• **PROMPT**: Please write out the data below once more, exactly as it stands.

START DATA

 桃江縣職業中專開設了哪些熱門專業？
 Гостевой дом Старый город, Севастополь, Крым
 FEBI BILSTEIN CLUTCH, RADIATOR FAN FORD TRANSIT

END DATA

• **EXERCISE SOLUTION**:
 桃江縣職業中專開設了哪些熱門專業？
 Гостевой дом Старый город, Севастополь, Крым
 FEBI BILSTEIN CLUTCH, RADIATOR FAN FORD TRANSIT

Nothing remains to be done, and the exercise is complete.